■ **Directions**: Could you filter the records below down to the lines that include the word "Chevrolet"?

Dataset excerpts
◆ ◆ ◆ ◆ ◆ ◆ ◆

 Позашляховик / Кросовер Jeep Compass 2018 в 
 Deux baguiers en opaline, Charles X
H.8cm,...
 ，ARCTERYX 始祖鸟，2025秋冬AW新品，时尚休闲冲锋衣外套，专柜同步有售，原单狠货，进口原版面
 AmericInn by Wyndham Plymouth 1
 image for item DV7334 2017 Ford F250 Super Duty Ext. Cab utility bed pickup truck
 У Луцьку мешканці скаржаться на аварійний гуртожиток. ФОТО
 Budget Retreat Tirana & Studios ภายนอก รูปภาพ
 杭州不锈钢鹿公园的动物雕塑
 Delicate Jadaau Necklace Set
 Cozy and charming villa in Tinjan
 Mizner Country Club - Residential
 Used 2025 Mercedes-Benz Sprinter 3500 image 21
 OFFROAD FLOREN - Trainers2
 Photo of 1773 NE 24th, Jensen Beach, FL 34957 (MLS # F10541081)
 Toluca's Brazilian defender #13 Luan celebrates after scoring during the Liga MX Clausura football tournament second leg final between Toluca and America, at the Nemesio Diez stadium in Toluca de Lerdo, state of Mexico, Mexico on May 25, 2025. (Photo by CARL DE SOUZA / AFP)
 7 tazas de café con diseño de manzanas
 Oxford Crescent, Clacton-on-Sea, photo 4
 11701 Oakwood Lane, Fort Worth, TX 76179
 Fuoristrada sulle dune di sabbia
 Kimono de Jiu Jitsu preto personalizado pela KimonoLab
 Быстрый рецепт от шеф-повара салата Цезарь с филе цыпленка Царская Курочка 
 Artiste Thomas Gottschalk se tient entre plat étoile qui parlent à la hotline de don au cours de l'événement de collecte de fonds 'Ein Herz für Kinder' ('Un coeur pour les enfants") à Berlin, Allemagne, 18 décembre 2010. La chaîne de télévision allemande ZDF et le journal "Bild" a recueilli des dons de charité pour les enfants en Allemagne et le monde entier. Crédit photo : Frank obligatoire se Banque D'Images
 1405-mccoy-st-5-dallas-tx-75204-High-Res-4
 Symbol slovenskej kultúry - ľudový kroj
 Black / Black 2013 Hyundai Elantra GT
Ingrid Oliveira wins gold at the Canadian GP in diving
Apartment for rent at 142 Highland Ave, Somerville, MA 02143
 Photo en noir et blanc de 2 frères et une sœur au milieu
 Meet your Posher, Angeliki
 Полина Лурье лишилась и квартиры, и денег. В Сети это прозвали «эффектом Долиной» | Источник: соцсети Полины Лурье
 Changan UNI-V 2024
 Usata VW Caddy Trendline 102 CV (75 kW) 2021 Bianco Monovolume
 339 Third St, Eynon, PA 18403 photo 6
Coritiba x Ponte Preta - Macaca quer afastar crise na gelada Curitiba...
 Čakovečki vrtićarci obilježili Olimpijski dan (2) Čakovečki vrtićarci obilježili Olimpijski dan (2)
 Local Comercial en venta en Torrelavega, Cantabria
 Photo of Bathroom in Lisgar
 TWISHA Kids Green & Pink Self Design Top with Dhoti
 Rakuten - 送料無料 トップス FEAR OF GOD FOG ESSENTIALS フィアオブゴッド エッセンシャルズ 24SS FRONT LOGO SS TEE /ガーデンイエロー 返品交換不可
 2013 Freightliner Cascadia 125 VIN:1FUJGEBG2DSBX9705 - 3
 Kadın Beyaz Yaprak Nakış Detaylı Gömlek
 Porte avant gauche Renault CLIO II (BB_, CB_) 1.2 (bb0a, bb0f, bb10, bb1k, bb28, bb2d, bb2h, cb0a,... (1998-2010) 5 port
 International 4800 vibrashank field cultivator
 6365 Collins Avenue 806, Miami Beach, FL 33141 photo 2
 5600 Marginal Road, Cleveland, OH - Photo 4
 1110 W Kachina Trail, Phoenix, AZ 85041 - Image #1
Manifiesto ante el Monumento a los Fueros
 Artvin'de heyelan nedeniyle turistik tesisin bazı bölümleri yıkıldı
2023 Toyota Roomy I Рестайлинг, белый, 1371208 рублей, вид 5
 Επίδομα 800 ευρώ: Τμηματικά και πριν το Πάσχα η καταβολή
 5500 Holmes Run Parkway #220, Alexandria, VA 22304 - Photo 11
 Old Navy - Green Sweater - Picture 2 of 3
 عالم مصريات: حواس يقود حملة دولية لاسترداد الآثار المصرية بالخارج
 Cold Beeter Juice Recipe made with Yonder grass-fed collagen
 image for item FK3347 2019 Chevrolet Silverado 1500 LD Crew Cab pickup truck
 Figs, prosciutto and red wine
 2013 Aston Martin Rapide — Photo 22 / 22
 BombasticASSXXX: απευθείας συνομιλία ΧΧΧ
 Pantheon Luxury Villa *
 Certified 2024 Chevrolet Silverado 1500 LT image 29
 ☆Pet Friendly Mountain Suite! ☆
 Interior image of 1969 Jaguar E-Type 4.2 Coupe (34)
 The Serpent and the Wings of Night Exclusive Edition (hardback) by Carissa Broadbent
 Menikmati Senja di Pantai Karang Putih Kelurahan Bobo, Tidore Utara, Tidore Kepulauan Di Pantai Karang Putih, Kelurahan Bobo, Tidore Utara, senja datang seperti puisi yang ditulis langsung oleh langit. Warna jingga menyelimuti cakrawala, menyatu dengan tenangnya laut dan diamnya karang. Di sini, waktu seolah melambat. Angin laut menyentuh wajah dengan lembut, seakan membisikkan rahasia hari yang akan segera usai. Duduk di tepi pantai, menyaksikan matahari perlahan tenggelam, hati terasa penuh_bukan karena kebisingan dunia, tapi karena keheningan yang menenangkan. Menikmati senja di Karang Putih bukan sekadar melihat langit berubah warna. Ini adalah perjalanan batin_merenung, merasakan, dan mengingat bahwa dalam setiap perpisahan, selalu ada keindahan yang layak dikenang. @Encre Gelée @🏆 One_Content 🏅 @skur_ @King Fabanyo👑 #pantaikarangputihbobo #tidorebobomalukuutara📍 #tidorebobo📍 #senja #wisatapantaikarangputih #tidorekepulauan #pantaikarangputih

◆ ◆ ◆ ◆ ◆ ◆ ◆

■ **Exercise answer**:
 image for item FK3347 2019 Chevrolet Silverado 1500 LD Crew Cab pickup truck
 Certified 2024 Chevrolet Silverado 1500 LT image 29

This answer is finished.